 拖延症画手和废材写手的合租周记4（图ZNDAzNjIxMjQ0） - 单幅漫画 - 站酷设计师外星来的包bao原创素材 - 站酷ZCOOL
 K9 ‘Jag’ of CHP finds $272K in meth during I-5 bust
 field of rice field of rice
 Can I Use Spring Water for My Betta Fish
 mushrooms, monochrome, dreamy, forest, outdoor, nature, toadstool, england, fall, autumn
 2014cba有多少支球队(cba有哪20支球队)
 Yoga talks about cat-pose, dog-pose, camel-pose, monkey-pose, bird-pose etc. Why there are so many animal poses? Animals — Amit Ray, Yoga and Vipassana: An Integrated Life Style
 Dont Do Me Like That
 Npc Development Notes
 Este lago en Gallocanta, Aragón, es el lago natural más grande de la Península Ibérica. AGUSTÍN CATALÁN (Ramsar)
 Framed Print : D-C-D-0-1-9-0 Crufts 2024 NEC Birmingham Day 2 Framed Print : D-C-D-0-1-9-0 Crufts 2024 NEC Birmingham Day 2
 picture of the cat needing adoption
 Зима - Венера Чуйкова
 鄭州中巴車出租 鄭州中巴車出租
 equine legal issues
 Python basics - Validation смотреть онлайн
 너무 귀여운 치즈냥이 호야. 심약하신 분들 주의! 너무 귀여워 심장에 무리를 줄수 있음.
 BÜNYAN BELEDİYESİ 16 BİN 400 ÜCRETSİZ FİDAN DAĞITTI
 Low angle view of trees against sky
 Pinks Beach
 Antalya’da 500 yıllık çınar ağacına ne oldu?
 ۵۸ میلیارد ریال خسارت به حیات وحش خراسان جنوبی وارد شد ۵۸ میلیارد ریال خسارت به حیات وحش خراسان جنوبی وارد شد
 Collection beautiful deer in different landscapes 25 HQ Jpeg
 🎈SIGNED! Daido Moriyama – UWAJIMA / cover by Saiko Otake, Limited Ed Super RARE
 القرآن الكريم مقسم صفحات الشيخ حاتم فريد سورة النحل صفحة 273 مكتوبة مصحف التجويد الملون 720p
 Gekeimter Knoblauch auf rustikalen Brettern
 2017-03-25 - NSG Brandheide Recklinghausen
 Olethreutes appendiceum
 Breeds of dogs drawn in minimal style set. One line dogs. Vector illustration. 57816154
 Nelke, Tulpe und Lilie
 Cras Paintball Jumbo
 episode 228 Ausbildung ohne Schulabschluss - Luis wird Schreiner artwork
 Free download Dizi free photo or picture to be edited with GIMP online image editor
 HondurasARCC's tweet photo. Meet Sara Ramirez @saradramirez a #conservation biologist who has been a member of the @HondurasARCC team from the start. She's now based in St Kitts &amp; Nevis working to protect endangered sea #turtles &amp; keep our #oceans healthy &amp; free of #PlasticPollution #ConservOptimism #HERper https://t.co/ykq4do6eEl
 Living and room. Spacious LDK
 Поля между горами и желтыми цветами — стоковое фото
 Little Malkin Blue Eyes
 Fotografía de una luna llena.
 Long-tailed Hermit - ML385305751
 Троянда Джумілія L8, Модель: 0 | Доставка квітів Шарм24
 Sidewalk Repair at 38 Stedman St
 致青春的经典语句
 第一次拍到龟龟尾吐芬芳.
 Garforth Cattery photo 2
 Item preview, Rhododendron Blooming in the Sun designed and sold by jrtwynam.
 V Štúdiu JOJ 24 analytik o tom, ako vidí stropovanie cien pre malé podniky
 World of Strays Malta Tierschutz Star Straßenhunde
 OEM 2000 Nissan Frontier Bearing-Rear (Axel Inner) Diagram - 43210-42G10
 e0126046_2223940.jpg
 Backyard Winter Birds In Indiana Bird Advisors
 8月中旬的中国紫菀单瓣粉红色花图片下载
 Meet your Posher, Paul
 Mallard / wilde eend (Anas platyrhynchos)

*Problem requirements*: The response has to give back every record verbatim.

*Written solution*:
 拖延症画手和废材写手的合租周记4（图ZNDAzNjIxMjQ0） - 单幅漫画 - 站酷设计师外星来的包bao原创素材 - 站酷ZCOOL
 K9 ‘Jag’ of CHP finds $272K in meth during I-5 bust
 field of rice field of rice
 Can I Use Spring Water for My Betta Fish
 mushrooms, monochrome, dreamy, forest, outdoor, nature, toadstool, england, fall, autumn
 2014cba有多少支球队(cba有哪20支球队)
 Yoga talks about cat-pose, dog-pose, camel-pose, monkey-pose, bird-pose etc. Why there are so many animal poses? Animals — Amit Ray, Yoga and Vipassana: An Integrated Life Style
 Dont Do Me Like That
 Npc Development Notes
 Este lago en Gallocanta, Aragón, es el lago natural más grande de la Península Ibérica. AGUSTÍN CATALÁN (Ramsar)
 Framed Print : D-C-D-0-1-9-0 Crufts 2024 NEC Birmingham Day 2 Framed Print : D-C-D-0-1-9-0 Crufts 2024 NEC Birmingham Day 2
 picture of the cat needing adoption
 Зима - Венера Чуйкова
 鄭州中巴車出租 鄭州中巴車出租
 equine legal issues
 Python basics - Validation смотреть онлайн
 너무 귀여운 치즈냥이 호야. 심약하신 분들 주의! 너무 귀여워 심장에 무리를 줄수 있음.
 BÜNYAN BELEDİYESİ 16 BİN 400 ÜCRETSİZ FİDAN DAĞITTI
 Low angle view of trees against sky
 Pinks Beach
 Antalya’da 500 yıllık çınar ağacına ne oldu?
 ۵۸ میلیارد ریال خسارت به حیات وحش خراسان جنوبی وارد شد ۵۸ میلیارد ریال خسارت به حیات وحش خراسان جنوبی وارد شد
 Collection beautiful deer in different landscapes 25 HQ Jpeg
 🎈SIGNED! Daido Moriyama – UWAJIMA / cover by Saiko Otake, Limited Ed Super RARE
 القرآن الكريم مقسم صفحات الشيخ حاتم فريد سورة النحل صفحة 273 مكتوبة مصحف التجويد الملون 720p
 Gekeimter Knoblauch auf rustikalen Brettern
 2017-03-25 - NSG Brandheide Recklinghausen
 Olethreutes appendiceum
 Breeds of dogs drawn in minimal style set. One line dogs. Vector illustration. 57816154
 Nelke, Tulpe und Lilie
 Cras Paintball Jumbo
 episode 228 Ausbildung ohne Schulabschluss - Luis wird Schreiner artwork
 Free download Dizi free photo or picture to be edited with GIMP online image editor
 HondurasARCC's tweet photo. Meet Sara Ramirez @saradramirez a #conservation biologist who has been a member of the @HondurasARCC team from the start. She's now based in St Kitts &amp; Nevis working to protect endangered sea #turtles &amp; keep our #oceans healthy &amp; free of #PlasticPollution #ConservOptimism #HERper https://t.co/ykq4do6eEl
 Living and room. Spacious LDK
 Поля между горами и желтыми цветами — стоковое фото
 Little Malkin Blue Eyes
 Fotografía de una luna llena.
 Long-tailed Hermit - ML385305751
 Троянда Джумілія L8, Модель: 0 | Доставка квітів Шарм24
 Sidewalk Repair at 38 Stedman St
 致青春的经典语句
 第一次拍到龟龟尾吐芬芳.
 Garforth Cattery photo 2
 Item preview, Rhododendron Blooming in the Sun designed and sold by jrtwynam.
 V Štúdiu JOJ 24 analytik o tom, ako vidí stropovanie cien pre malé podniky
 World of Strays Malta Tierschutz Star Straßenhunde
 OEM 2000 Nissan Frontier Bearing-Rear (Axel Inner) Diagram - 43210-42G10
 e0126046_2223940.jpg
 Backyard Winter Birds In Indiana Bird Advisors
 8月中旬的中国紫菀单瓣粉红色花图片下载
 Meet your Posher, Paul
 Mallard / wilde eend (Anas platyrhynchos)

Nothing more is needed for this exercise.